● Exercise details: A word-for-word copy of the records is needed, with every picture left out.

++++ Given records ++++

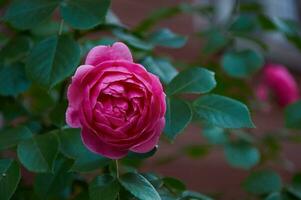 roze roos detailopname in zomer in de tuin. mooi bloemen achtergrond. Valentijnsdag dag en vakantie. liefde en tederheid foto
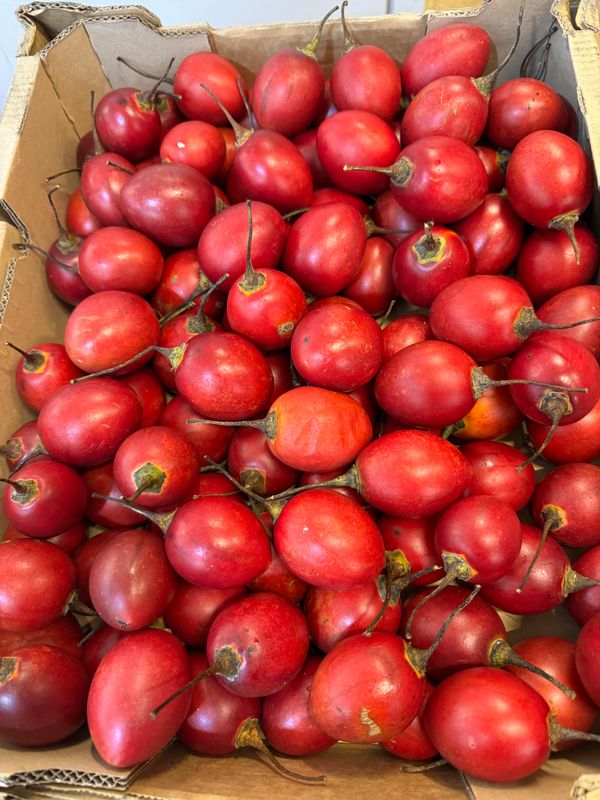 WHOLESALE - Tamarillo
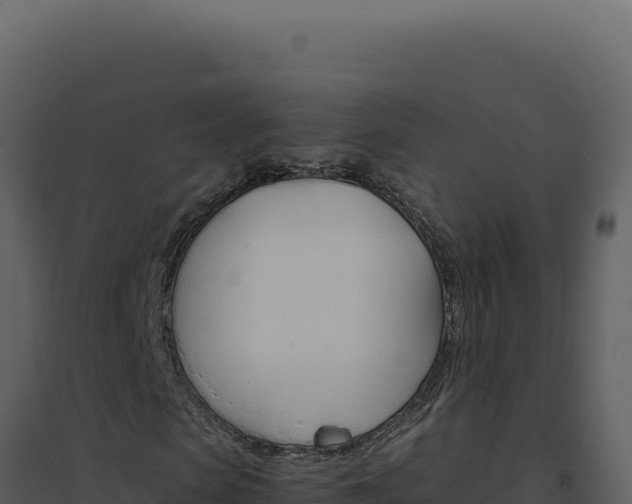 X0000094820913200711161024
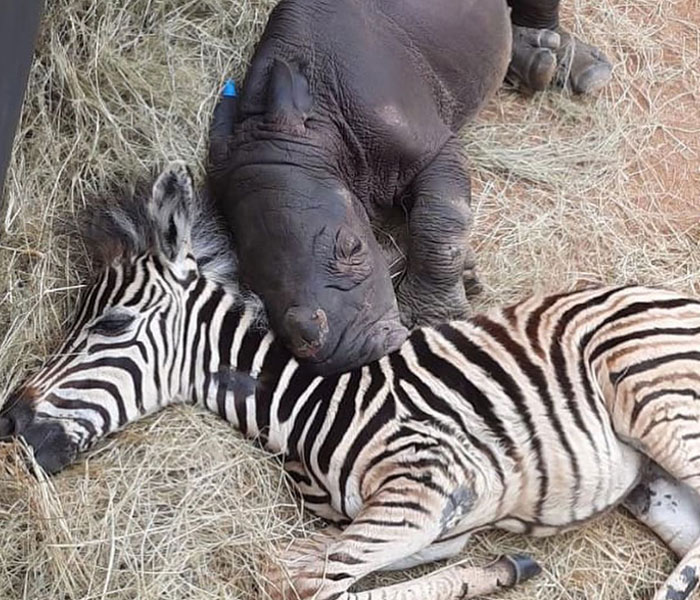 Orphan Rhino Sanctuary Finds An Abandoned Zebra And Takes It Under Their Care, Gifting A Best Friend To One Of The Rhinos There Orphan Rhino Sanctuary Finds An Abandoned Zebra And Takes It Under Their Care, Gifting A Best Friend To One Of The Rhinos There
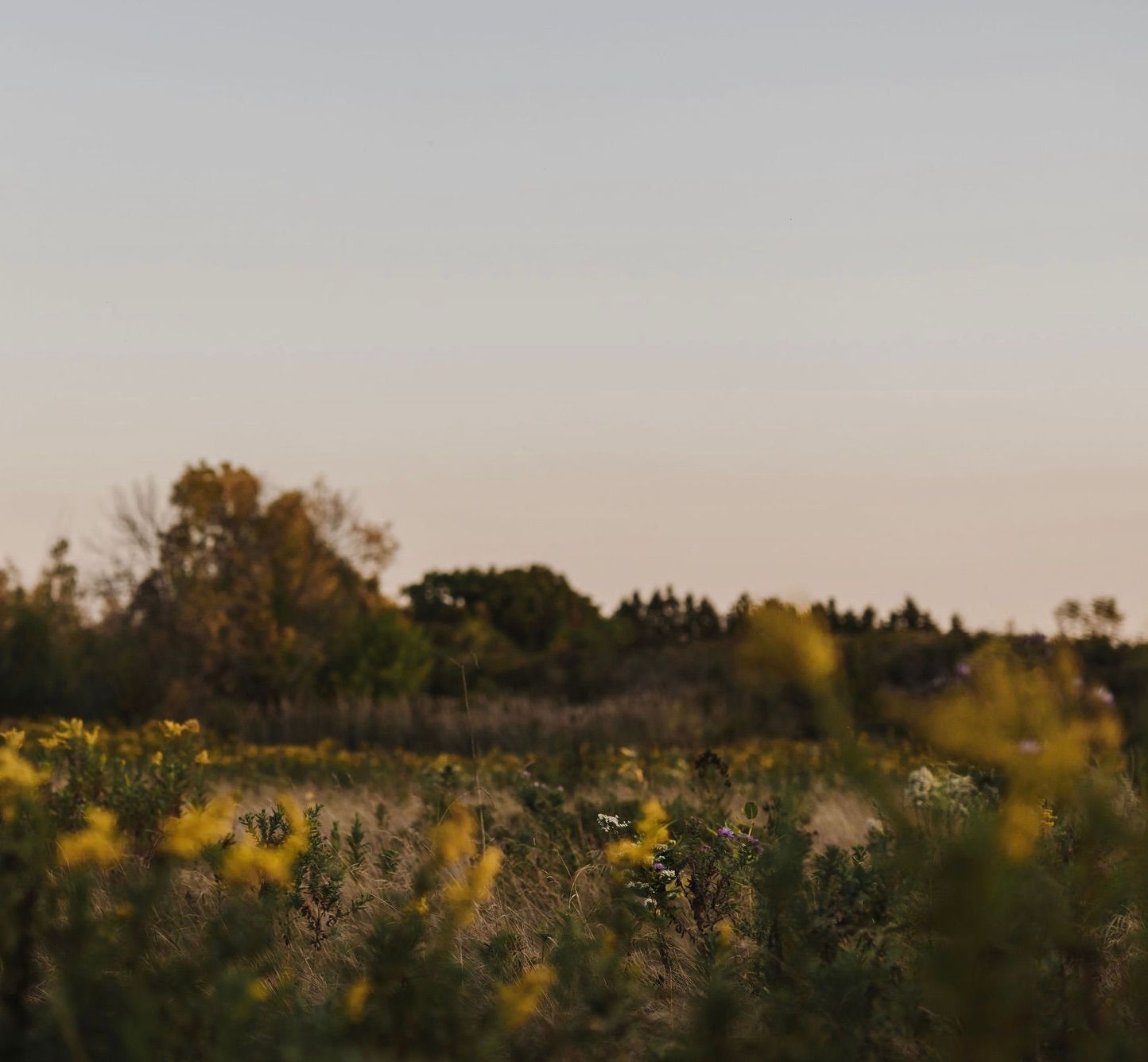 Sunlit meadow with tall grasses and wildflowers at golden hour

++++

● Response for this exercise:
 roze roos detailopname in zomer in de tuin. mooi bloemen achtergrond. Valentijnsdag dag en vakantie. liefde en tederheid foto
 WHOLESALE - Tamarillo
 X0000094820913200711161024
 Orphan Rhino Sanctuary Finds An Abandoned Zebra And Takes It Under Their Care, Gifting A Best Friend To One Of The Rhinos There Orphan Rhino Sanctuary Finds An Abandoned Zebra And Takes It Under Their Care, Gifting A Best Friend To One Of The Rhinos There
 Sunlit meadow with tall grasses and wildflowers at golden hour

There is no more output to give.